Independence Day weekend saw Alaska Gov. Sarah Palin skip out on her job, state Sen. Stanley Rosenberg come out of the closet, and state Treasurer Tim Cahill drop out of the Democratic Party. Cahill is assumed to be running for governor as an independent next year, hoping to capitalize on the current unpopularity of Gov. Deval Patrick, the state Legislature, and the tax increases they recently enacted.
Cahill is clearly running as a fiscal conservative, not only opposing the tax hikes but also saying in a Boston Globe interview that the state’s three-year-old mandate for universal health care coverage isn’t “doable.” The next question is, what kind of fiscal conservative will he be?
Will he be an anti-Beacon Hill populist, ready to put a pox on all houses and political parties? Can he duplicate Ross Perot’s success with dramatic charts, folksy sayings, and careful avoidance of social issues like abortion? Will he be a bit more dramatic and go for an Arnold Schwarzenegger approach, promising not to shuffle things around on Beacon Hill but instead “blow up boxes“?
Or will Cahill be more like former House Speaker Tom Finneran, proclaiming himself a fiscally responsible adult who can work with the Legislature and act as a check against the “loony left” in the Democratic Party, now associated with Gov. Patrick? Will he embrace his eight-year experience as a statewide official and argue that he can be a more effective governor than fellow anti-tax candidate Christy Mihos — a “reformer with results,” as one presidential candidate once put it?
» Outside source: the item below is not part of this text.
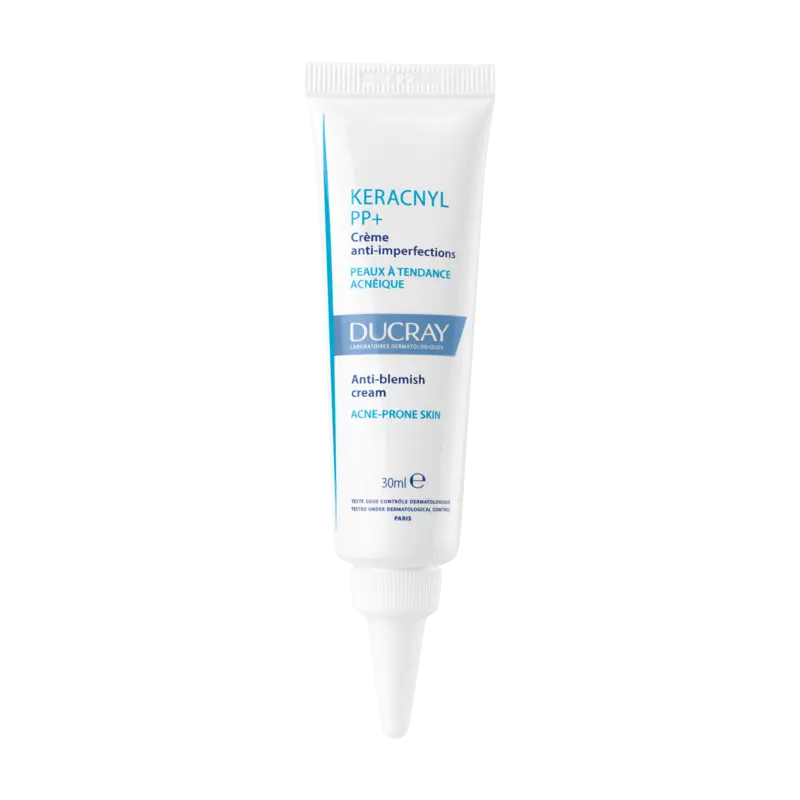 DUCRAY KERACYNL PP+ ANTI-BLEMISH CREAM 30ML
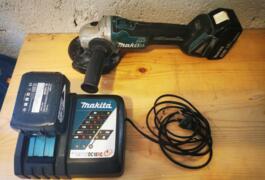 Location outil Meuleuse Électrique Makita près de Falicon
I suspect that much depends on what possible Republican candidate Charles Baker decides to do. If he runs, the former official in the Weld and Cellucci administrations has to decide whether to run as another outsider (as Mitt Romney and Deval Patrick did) or as someone who knows how things work on Beacon Hill. Cahill seems to be hoping to intimidate Baker from running at all, but if he leans too far in one direction — angry outsider or experienced administrator — he might give Baker an opening to take the other role.